# Decent Dust Collection Really Cheap



## Dusty56 (Apr 20, 2008)

Hmmm…..a sawdust diaper…what will they think of next ??? : )

Nice idea with the magnets and GOOP !


----------



## Jimi_C (Jul 17, 2009)

I have a contractor saw as well, but didn't like the bag style collectors. Instead I cut a piece of 1/4" plywood and got the 14" dust hood (Rockler sells them, as do lots of others online) and made a cutout in the plywood for it. I attached the hood to the plywood with bolts drilled through the plastic lip, and sealed it with some caulk. If you have a dust collector, I'd definitely recommend doing it this way as it works great for me - it would be only slightly more expensive than what you describe above.


----------



## NH_Hermit (Dec 3, 2009)

I just purchased a Dust Cutter from Amazon and installed it yesterday. I've cut one piece since then so can't comment yet on the quality.

At $30, it's a tad more expensive than HF, but it did seem to fit well on my Skil saw. I do like the idea of attaching the vac to it and the zippered discharge slot. It attaches with a Velcro strip so the seal seems tight enough. Time will time, but it's better than nothing right now.

Here's the link:

http://www.amazon.com/Dust-Cutter-TS1001/dp/B001BQACIC/ref=sr_1_1?ie=UTF8&qid=1295790867&sr=8-1


----------



## donjohn24 (Oct 15, 2010)

I also have problems with dust dropping out the bottom of my saw despite it having a dust extraction outlet. I Googled for 'dust bag for saw' and found the version sold by HF, but no one selling this or similar items on this side of the pond - only more expensive mini 'systems'.

So - I remembered the cover I made for my hand-cranked organ from an awning that had been replaced after it discoloured, and thought I could *make* a dust bag myself. I borrowed my wife's sewing machine again and produced a bag - not Saville Row quality but effective. (As instructed, I threw away the needle after use as it would no longer be suitable for her patchwork)

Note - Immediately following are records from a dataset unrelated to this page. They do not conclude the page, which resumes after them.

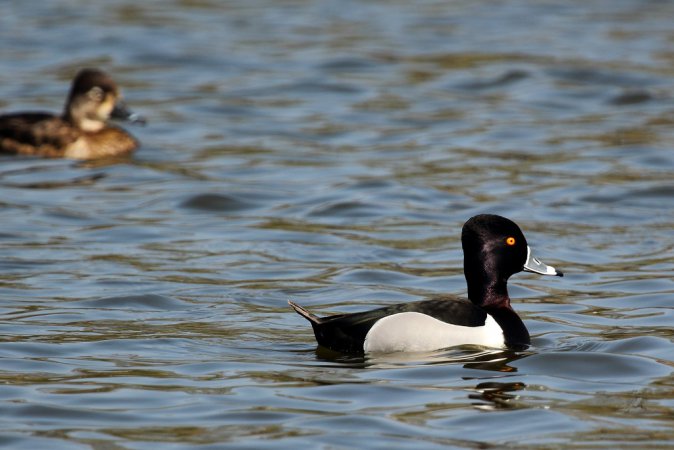 Photo (19): Ring-necked Duck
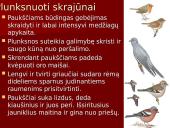 Gyvūnai. Pristatymas 20 puslapis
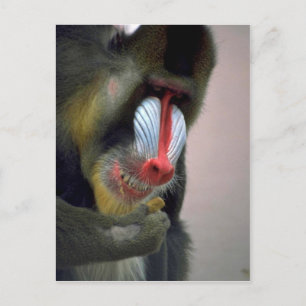 Cartão Postal Mandrill Head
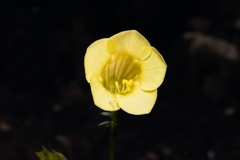 Polemonium pauciflorum melindae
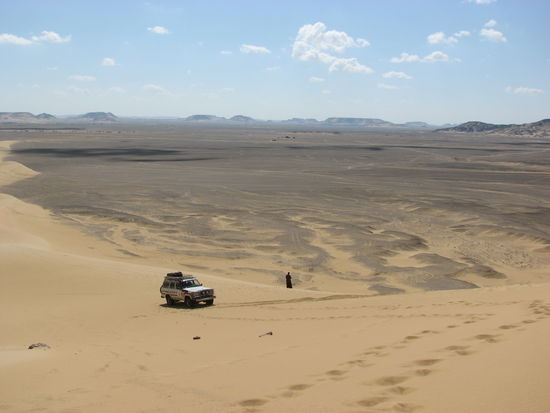 Reeda hat es bis zur Hälfte der Dünenhöhe geschafft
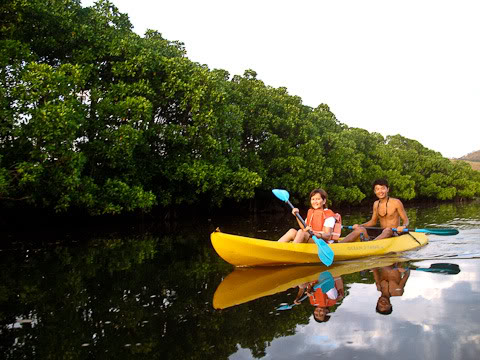 Mangrove Kayaking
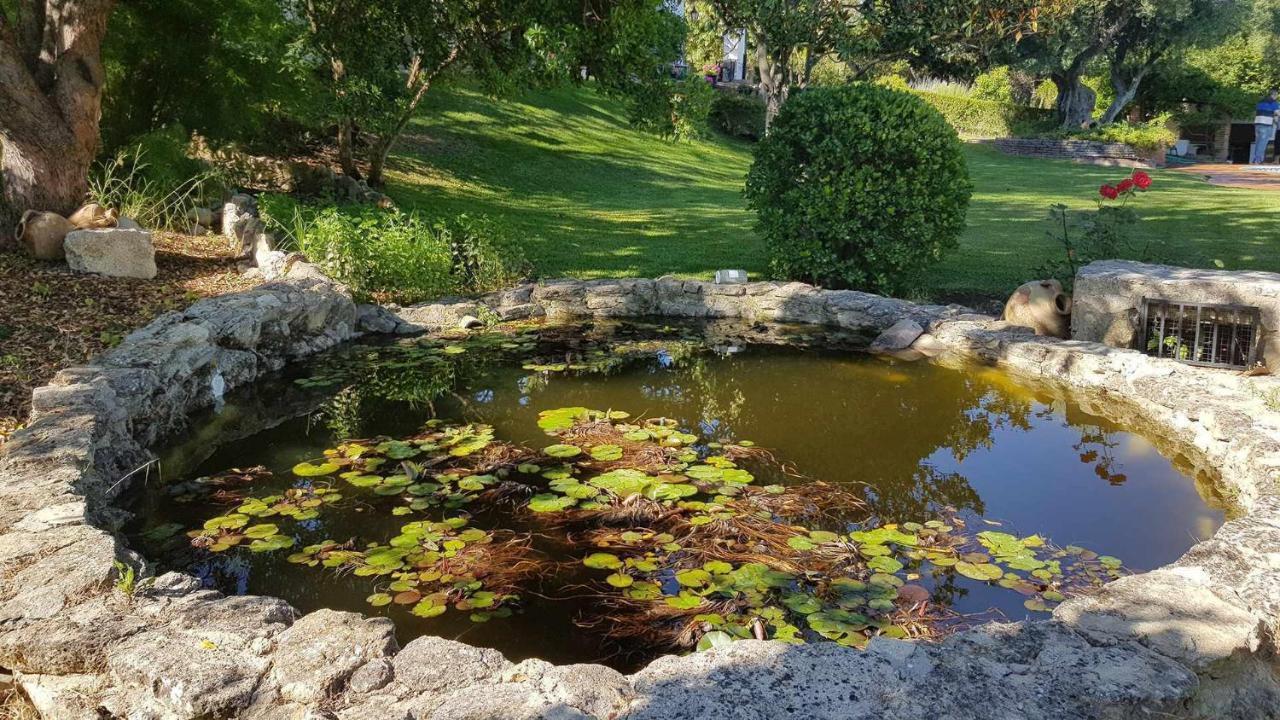 Fantastica Villa A 3 Minutos Del Centro De Ronda Dış mekan fotoğraf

I also purchased some rare earth magnets, but was dubious about sticking them to the polyester 'canvas' material. However, as I - luckily - had used canvas that already had a seamed turnover, and that was at the top of the bag, I was able to cut small slits in the turnover and slide in 20mm dia, 3mm thick magnets near each corner - eight in all. The magnets grab firmly through the canvas, onto the inside of the stand.

Here's the finished job, with the organ and its cover in the background.









I wonder if the weight of sawdust when the bag is nearly full might cause the magnets to release - making a self-checking 'full' indicator 

So, many thanks for posting the review and your modifications - it helped me solve an ongoing irritant.


----------



## patcollins (Jul 22, 2010)

I liked the striped fabric.

I usually wheel my saw outside on my driveway to do my cutting so that my garage isn't any more dusty than it already is. I just riped about 20 ft worth of oak and my cheapo dust bag saved from having to use a broom and dustpan on the driveway. So in my eyes it was a well spent $8.


----------



## NH_Hermit (Dec 3, 2009)

OK, I had a chance to try out the new dusk cutter over the weekend and am very pleased, especially when I attached the shop vac to it. I'm guessing it took 95%+ of the dust. To me, this was money well spent.


----------